Tran was explaining how the messages Valassis delivers on behalf of its clients, in both paper and digital form, drives savings to American consumers. “They have a real impact on the products and services they choose to purchase.”

The company was founded by George Valassis in Detroit, almost half a century ago, and revolutionized the coupon industry through the first co-operative free standing insert. That’s history, of course, and Valassis has come a long way — as CRO/COO Wayne Powers told DMN last year. Not that it’s come anywhere close to abandoning print.

Integrating print and digital

“Consumers today live as much in a connected as a terrestrial world,” Tran told me, explaining the effectiveness of combining digital and print media.
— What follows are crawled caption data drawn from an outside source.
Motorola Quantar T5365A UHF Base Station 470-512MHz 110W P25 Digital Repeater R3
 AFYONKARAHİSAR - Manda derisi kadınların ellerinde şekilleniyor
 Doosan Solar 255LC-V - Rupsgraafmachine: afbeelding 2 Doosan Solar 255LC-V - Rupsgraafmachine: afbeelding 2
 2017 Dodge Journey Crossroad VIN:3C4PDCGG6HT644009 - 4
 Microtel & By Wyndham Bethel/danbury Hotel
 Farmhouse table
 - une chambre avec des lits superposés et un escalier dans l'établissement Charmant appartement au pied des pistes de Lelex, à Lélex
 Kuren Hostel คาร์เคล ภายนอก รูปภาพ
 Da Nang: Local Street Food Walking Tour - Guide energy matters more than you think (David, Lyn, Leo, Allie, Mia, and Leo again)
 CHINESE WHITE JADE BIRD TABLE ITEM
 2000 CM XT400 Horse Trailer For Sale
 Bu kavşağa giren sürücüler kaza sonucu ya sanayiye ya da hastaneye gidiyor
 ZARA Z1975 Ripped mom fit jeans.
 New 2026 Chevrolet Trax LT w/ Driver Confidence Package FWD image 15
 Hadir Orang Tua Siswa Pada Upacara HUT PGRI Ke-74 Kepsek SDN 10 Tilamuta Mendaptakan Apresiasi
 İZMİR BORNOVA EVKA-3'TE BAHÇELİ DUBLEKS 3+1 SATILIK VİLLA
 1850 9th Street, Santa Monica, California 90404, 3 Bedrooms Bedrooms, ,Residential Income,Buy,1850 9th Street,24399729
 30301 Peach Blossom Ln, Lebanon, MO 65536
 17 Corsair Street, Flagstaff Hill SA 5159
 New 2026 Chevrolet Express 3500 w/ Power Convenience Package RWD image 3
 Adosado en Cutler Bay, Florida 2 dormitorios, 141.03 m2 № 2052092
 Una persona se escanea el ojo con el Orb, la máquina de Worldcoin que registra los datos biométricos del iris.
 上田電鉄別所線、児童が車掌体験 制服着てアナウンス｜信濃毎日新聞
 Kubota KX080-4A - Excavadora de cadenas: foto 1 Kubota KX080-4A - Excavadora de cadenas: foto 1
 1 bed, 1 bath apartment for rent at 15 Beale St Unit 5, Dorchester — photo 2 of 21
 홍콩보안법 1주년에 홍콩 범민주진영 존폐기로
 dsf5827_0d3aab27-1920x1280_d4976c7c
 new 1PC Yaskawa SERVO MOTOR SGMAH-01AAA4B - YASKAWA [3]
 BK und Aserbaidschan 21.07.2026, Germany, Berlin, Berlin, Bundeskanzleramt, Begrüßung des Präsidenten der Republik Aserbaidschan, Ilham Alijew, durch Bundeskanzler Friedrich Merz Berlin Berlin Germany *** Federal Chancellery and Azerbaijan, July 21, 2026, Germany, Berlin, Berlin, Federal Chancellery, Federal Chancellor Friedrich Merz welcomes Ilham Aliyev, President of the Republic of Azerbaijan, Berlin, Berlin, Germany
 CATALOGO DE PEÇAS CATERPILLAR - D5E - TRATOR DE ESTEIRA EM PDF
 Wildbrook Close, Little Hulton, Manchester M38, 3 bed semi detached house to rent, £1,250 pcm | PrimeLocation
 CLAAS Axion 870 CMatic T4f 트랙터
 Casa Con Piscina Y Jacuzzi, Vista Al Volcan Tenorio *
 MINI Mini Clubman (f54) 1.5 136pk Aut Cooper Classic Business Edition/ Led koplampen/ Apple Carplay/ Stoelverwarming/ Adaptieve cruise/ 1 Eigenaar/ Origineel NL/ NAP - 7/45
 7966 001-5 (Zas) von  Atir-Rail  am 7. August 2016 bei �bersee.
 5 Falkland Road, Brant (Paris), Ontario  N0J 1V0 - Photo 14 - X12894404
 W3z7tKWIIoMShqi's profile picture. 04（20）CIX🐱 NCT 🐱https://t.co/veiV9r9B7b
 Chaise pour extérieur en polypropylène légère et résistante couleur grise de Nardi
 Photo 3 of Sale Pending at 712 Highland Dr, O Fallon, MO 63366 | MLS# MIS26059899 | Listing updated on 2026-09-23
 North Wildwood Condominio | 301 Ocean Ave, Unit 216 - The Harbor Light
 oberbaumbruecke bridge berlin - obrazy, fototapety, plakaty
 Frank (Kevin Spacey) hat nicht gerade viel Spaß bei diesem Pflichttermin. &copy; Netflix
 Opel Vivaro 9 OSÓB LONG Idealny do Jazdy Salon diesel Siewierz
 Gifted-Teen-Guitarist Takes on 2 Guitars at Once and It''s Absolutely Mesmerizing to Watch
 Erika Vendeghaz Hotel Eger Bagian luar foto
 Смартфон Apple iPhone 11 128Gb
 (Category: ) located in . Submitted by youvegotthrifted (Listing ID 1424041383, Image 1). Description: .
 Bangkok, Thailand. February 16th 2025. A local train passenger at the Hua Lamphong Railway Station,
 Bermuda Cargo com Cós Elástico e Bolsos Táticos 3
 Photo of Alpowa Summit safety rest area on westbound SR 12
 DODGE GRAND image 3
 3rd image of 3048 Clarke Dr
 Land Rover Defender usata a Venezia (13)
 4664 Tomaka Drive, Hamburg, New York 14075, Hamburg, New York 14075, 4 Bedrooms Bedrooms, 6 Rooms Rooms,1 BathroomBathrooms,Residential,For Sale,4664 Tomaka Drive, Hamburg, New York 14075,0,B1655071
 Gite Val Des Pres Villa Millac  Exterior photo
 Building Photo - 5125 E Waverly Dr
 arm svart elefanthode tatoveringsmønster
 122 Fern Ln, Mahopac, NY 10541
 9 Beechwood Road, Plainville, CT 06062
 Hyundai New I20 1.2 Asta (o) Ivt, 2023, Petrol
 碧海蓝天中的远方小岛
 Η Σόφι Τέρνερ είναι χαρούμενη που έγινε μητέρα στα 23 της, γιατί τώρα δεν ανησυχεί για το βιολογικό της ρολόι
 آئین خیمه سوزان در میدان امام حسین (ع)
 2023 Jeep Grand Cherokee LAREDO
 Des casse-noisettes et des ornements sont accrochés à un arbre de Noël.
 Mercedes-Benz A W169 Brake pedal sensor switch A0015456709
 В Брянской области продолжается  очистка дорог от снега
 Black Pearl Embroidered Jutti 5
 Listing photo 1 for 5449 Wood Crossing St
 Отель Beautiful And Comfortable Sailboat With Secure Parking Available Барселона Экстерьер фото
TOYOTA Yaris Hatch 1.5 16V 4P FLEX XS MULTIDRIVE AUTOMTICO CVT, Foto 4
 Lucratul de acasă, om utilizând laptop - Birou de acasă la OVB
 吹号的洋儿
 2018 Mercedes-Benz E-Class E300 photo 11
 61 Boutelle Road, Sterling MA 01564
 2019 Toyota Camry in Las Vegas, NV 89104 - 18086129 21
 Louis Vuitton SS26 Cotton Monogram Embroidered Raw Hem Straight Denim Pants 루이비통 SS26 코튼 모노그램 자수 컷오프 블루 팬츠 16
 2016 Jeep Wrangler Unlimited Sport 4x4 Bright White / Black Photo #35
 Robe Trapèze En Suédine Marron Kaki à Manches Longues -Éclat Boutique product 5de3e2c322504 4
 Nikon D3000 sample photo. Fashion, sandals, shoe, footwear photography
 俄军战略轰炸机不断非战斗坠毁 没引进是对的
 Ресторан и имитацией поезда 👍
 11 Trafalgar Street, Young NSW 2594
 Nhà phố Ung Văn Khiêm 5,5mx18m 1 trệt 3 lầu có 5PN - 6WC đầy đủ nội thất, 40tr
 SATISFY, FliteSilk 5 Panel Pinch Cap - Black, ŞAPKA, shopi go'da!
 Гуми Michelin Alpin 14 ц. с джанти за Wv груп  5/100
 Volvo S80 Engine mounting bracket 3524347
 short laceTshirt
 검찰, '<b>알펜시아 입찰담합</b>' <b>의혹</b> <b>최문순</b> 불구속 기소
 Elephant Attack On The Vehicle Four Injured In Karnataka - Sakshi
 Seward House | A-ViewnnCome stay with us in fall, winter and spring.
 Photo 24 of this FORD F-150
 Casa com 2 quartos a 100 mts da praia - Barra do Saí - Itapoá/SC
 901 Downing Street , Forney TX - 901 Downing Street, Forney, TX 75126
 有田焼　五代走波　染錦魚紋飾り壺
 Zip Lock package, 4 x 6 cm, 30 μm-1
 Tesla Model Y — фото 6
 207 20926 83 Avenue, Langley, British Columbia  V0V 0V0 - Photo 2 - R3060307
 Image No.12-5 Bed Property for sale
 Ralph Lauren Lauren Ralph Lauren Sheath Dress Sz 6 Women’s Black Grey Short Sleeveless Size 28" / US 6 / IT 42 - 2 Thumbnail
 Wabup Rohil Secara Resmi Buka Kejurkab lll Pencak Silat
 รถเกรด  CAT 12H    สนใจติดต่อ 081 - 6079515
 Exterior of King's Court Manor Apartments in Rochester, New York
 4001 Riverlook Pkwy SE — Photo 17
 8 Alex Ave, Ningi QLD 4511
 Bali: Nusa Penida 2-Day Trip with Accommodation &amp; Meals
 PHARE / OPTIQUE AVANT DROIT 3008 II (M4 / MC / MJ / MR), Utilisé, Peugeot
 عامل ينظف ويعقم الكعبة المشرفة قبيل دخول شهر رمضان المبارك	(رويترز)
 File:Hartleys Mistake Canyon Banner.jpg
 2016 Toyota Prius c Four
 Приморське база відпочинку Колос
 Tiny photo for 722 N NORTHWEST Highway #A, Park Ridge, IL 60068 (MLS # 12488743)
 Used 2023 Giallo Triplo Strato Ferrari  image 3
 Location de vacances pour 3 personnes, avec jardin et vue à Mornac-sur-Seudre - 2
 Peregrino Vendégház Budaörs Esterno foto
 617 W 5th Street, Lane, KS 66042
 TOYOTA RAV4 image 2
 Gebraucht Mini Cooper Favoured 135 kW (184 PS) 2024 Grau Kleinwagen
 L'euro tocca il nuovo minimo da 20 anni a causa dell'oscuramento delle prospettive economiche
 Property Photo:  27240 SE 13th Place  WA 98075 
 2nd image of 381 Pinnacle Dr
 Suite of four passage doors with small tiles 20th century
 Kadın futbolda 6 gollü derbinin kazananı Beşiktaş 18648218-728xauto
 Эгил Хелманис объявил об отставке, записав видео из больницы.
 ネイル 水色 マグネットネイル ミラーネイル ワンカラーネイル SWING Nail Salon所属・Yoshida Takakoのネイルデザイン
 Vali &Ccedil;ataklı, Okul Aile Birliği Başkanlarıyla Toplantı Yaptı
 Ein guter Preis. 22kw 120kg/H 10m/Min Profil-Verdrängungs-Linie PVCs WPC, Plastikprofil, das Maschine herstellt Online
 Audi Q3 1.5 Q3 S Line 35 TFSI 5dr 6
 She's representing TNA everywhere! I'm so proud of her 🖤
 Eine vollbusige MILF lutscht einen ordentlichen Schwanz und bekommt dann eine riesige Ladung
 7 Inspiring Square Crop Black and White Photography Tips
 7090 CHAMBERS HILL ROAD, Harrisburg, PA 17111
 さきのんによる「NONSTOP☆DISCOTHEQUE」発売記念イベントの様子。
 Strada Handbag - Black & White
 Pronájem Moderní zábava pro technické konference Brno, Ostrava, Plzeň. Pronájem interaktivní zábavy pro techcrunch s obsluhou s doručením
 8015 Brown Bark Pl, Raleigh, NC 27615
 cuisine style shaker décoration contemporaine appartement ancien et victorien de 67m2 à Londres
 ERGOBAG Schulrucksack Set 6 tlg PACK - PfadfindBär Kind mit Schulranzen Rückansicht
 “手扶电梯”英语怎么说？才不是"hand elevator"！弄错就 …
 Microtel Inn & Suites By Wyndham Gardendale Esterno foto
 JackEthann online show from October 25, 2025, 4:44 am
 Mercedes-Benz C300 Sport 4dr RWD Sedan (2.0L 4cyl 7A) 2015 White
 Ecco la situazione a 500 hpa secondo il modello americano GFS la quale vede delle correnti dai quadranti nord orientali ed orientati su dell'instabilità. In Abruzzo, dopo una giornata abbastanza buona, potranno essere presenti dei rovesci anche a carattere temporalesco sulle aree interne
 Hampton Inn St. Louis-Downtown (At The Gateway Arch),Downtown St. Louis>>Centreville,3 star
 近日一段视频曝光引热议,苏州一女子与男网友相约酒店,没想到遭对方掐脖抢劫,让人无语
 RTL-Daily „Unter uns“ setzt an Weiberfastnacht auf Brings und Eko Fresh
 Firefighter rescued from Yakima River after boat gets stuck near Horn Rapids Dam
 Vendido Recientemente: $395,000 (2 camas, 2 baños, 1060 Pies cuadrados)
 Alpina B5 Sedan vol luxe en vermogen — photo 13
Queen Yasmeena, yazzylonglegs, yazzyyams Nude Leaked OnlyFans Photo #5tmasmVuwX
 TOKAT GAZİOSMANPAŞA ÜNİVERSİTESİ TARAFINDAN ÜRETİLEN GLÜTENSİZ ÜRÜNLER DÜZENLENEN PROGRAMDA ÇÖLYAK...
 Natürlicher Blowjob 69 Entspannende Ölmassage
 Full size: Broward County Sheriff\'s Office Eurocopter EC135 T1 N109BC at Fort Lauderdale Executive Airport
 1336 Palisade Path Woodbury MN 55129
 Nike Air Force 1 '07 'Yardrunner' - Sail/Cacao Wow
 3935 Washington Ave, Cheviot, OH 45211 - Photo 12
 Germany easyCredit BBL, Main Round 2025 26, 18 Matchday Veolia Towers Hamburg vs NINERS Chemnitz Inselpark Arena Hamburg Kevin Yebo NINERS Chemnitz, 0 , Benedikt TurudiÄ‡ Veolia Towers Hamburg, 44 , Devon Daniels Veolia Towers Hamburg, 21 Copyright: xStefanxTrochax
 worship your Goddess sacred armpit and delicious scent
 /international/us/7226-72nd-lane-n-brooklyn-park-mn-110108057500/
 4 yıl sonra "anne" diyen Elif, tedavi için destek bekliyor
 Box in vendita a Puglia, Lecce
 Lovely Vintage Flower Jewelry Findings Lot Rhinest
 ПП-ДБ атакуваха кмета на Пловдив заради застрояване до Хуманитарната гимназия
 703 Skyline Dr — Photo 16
Over the last three years, he said, Valassis has developed new capabilities that leverage knowledge of consumers’ online and mobile behavior to enhance offline messaging. 

Digital data, he said, is “fantastic at targeting consumers based on real-world behavior.” Valassis uses “as much data as we can get our hands on,” he continued. “We borrow, we rent, we buy data from sources which show consumer engagement.” This includes search, display ad and email interactions, and mobile app usage — by time of day, day of week, location; all signals of what a consumer is seeking to do in the context of a specific place and time. “We digest as many digital signals as we can.”

Based on appending offline profiles to online data, Valassis develops media plans for defined consumer segments, across the best combination of channels — including print media, but using digital media, he said, “to reinforce the brand message with display ads and mobile messaging when the consumer is geographically close to a place of business.”

Case by case

Tran emphasized that Valassis has been able to “prove attribution” in the context of foot traffic campaigns. For a quick service restaurant chain, for example, Valassis showed a waste of ad dollars running campaigns in cold weather. Once the temperature crawled above 55 degrees, desktop banners, plus targeted mobile ads — including directions and incentives, and limited to consumers within walking distance on weekday lunchtimes — generated a 135% increase in foot traffic over a controls. The campaign reached 29 million consumers, and also produced a lift in repeat visits (54%) among those reached.

In the case of a rent-to-own furniture retailer, Valassis Apio (proprietary enhanced targeting methodology) matched traditional offline targeting tactics with cross-device matching to deliver a multi-channel campaign of shared print inserts, as well as standard desktop and mobile display ads (using cross-device tracking). The results? A 23.5% attributable increase in foot traffic, an increase of almost 20% in rental agreements, and a 3.4X ROI.

The relevance of print

“I love print,” Tran insisted. “But I do believe print, digital, audio, video, all have a place and time in business live. Depending on the business, and the campaign objectives, different channels will be relevant.”

Tran made a strong case for print’s relevance, especially for “habitual” purchases like food. Messages on Facebook or Twitter are seen, and then vanish. “Print media sits on a coffee table or kitchen counter.” It can be seen by multiple consumers. “It doesn’t mean they’ll look for a deal in the moment, but the constant touch-point maintains brand relevance.” 

In big box retail, in the “shopping moment,” of course, mobile takes center stage; but when it comes to considered purchases — like automobiles — the combination of print and digital (“beautiful images”) is highly relevant. Best-of-breed targeting, the right channels, “all wrapped with a beautiful ribbon.”